The results of this study have shown that half of the HAs of the Mont Ngafula II HD recorded high dropout rates.
More than two-fifth of them also registered low vaccine coverage while only one HA reported exclusively low vaccine coverage.
Concerning the predictors, residing in rural areas and the absence of immunization card, no seating places and no respect of the order of arrival during vaccination in health facilities as well as the lack of a reminder system on days before the scheduled vaccination were significantly associated with high dropout rates among children aged 12–23 months.
Concerning the local system of vaccination services, the poor utilization of vaccine services seemed as the main health concern followed by the poor access at HA scale. Among the HAs that recorded high dropout rates, more than half reported good access but poor utilization of vaccination services (high vaccine coverage and high dropout) while two-fifth registered both poor access and poor utilization vaccination services (low vaccine coverage and high dropout). Furthermore, only one HA reported both poor access and high utilization vaccination services (low vaccine coverage and low dropout). Thus, these results may represent a useful indicator for the risk assessment of vaccination services in the study area.
In the present study, children without immunization card had higher susceptibility to drop out from vaccination services. Not having an immunization card was also found as a predictor of incomplete immunization in other studies from low-income African countries (15, 17, 18). This situation may be related to perception of attitudes of the health staff. As suggested by Baguune et al. (2017), in case of loss of immunization cards, negative attitudes from some health workers unable to provide new vaccination cards induce a reluctance feeling of mothers for new vaccination in health facilities (15). This evidence is also supported by the results from a cross-sectional survey conducted during a polio outbreak in Cameroon in which good perception of immunization services was considered as a determinant of vaccination completeness (19). Thus, we hypothesize that a good reception of health staff can strengthen interpersonal communication and be a major asset for the subsequent use of the immunization services.
This study showed that children residing in rural areas were more likely to drop out compared to their urban counterparts. However, discordant results have been reported in other studies, especially conducted in Asia and Africa. At the contextual level, living in rural areas was associated with breaks in childhood vaccination in India (20) while this characteristic was found protective in a multilevel analysis involving 24 African countries (21). As suggested previously, discrepancies observed would call into question the urban advantage probably due to urban demographic growth and related difficulties of access to health services (20, 22–24).

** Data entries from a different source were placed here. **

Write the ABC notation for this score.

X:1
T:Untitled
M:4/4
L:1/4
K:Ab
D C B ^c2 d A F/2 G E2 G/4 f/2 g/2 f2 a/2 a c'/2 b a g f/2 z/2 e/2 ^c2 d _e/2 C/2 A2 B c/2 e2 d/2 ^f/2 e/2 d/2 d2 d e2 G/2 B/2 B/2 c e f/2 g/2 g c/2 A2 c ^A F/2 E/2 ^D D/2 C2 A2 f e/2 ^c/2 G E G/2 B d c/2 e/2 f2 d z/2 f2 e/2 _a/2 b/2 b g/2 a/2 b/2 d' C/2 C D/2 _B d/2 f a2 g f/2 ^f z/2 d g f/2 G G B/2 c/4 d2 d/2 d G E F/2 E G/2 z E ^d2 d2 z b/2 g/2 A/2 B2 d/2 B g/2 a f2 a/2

Respondents perceived that unavailability of seating places and no respect of the order of arrival during vaccination in health facilities were associated with immunization dropout rate. In addition, the lack of a reminder system on days before the scheduled vaccination was also perceived as a predictor to high dropout. This result is similar to studies conducted by Bangure et al. (2015) in Zimbabwe (25), Haji et al. (2016) and Gibson et al. (2017) in Kenya (26, 27). They found that complete immunization was significantly higher among children of mothers/caregivers who received short message service (SMS) reminders than those in control groups. Thus, our findings support the hypothesis that implementing and extending a reminder system using SMS-type messages may contribute to improve substantially immunization services in our context.

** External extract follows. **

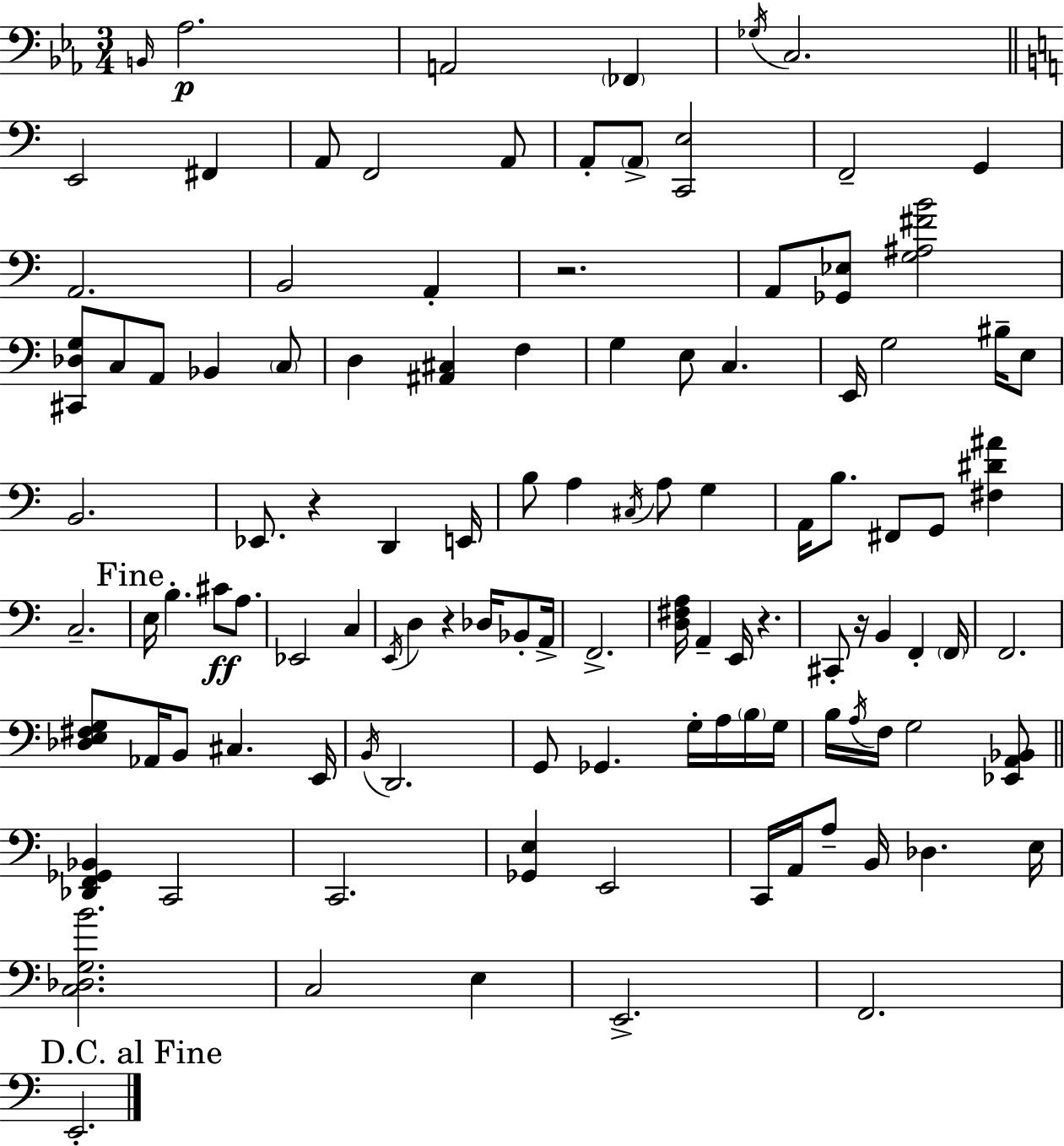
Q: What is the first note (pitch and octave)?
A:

Other socio-demographic characteristics considered in the present study were not statistically associated with dropout rate while they were found as predictors of incomplete vaccination. Children (birth order, sex), parents (education level, religion), and household (number of children) characteristics were significantly related to the children immunization status in several African studies (15, 19, 26, 28–34). Growing number of children, sex discrimination, low parents’ education level, and misconceptions from certain religious groups affecting vaccination uptake may lead to immunization dropout (15, 19, 26). The discrepancies observed on these characteristics in our study represent the first limit. They could be explained by our small sample size and some specifics characterizing the objectives assigned and the sample procedures comparatively to other studies.
A second study limitation is that determinants of vaccination dropout rates were assessed from the perspective of the users of vaccination services. Evaluation from the perspective of health systems and providers was not considered. However, determinants of childhood immunization coverage are complex and interrelated. Vaccination depends on a real need for vaccines and health seeking service from users and high-quality service of vaccines offer under the optimal technical, logistical, and operational conditions from providers (35).
Nonetheless, there has been a limited number of research in DRC concerning vaccination dropout (36). To our knowledge, the present study is the first conducted at both fine spatial scale and individual level to understand the main health concern of vaccine services and identify factors related to low vaccination completeness among children aged 12–23 months. An additional strength of this survey is that the result of this study can be extrapolated to the population of the DRC because the survey used a probability sampling technique and the minimum sample size was computed taking into account the formula required to allow each person to be part of the sample.